One of the purposes of the Affordable Care Act is to subsidize the payment of claims under the medical coverage of early retirees so that employers will continue to sponsor plans providing for such coverage. The Department of Health and Human Services (DHHS) has now published interim regulations on the Early Retiree Reinsurance Program (Program), which is effective June 1, 2010.
FUNDING FOR THE EARLY RETIREE REINSURANCE PROGRAM IS LIMITED, AND THE SECRETARY OF DHHS IS AUTHORIZED TO STOP ACCEPTING APPLICATIONS ONCE THE FUNDING LIMIT HAS BEEN REACHED. THEREFORE, IT IS IMPORTANT TO APPLY AS SOON AS POSSIBLE.
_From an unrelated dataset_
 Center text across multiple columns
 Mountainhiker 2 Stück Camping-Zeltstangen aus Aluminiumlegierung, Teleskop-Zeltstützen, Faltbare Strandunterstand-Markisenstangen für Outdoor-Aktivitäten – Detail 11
Some highlights of the Program are as follows:
Under the Program, the DHHS will provide a subsidy
(a) to the employer sponsoring a postretirement medical plan
(b) with respect to health benefit claims actually incurred under the plan
(i) of retirees aged 55 and over who are not eligible for coverage under Medicare (i.e., retirees aged 55-65 who do not have a condition that would qualify them for Medicare coverage regardless of age) or
(ii) for coverage as active employees of a different employer, and
(iii) including the surviving spouses, eligible spouses and dependents of such early retirees (to the extent eligible under and as defined by the plan), whether or not such family members are eligible for Medicare and regardless of whether the dependents are also tax dependents,
(d) provided that the plan generates cost savings for participants by having “programs and procedures in place to generate cost savings” with respect to at least some chronic and high-cost conditions (which are defined as conditions for which $15,000 or more in health benefit claims are likely to be incurred during a plan year by a participant)—for example, by maintaining a diabetes management program (exemplifying a cost saving program for a chronic condition) or by covering all or a large portion of participants’ copays or coinsurance for treatment and visits related to cancer (exemplifying a cost saving procedure for a high-cost condition).
The amount of the reimbursement with respect to valid claims for health benefits is “80 percent of the portion of the health benefit costs (net of negotiated price concessions) attributable to the claims that exceed $15,000, but are below $90,000.” In other words, the DHHS will reimburse 80% of the amount by which a participant’s aggregate annual claims for a year exceed $15,000 (called, the “cost threshold”) but do not exceed $90,000 (the “cost ceiling”). The maximum reimbursement per participant is therefore $60,000. Copays, coinsurance, and deductibles are included in the amount subject to reimbursement. The cost threshold and cost ceiling are subject to adjustment by DHHS.
For purposes of the subsidy, “health benefits” do not include benefits excepted under HIPAA, such as long term care benefits.
The plan sponsor must make records available to the Secretary of DHHS for audit purposes. Owing to the Privacy Rule, the plan sponsor must therefore have a written agreement with its health insurance issuer or group health plan (it would seem that both are required), requiring the health insurance issuer and/or group health plan to disclose information on behalf of the sponsor to the Secretary. The agreement must encompass business associates of the health insurance issuer or group health plan.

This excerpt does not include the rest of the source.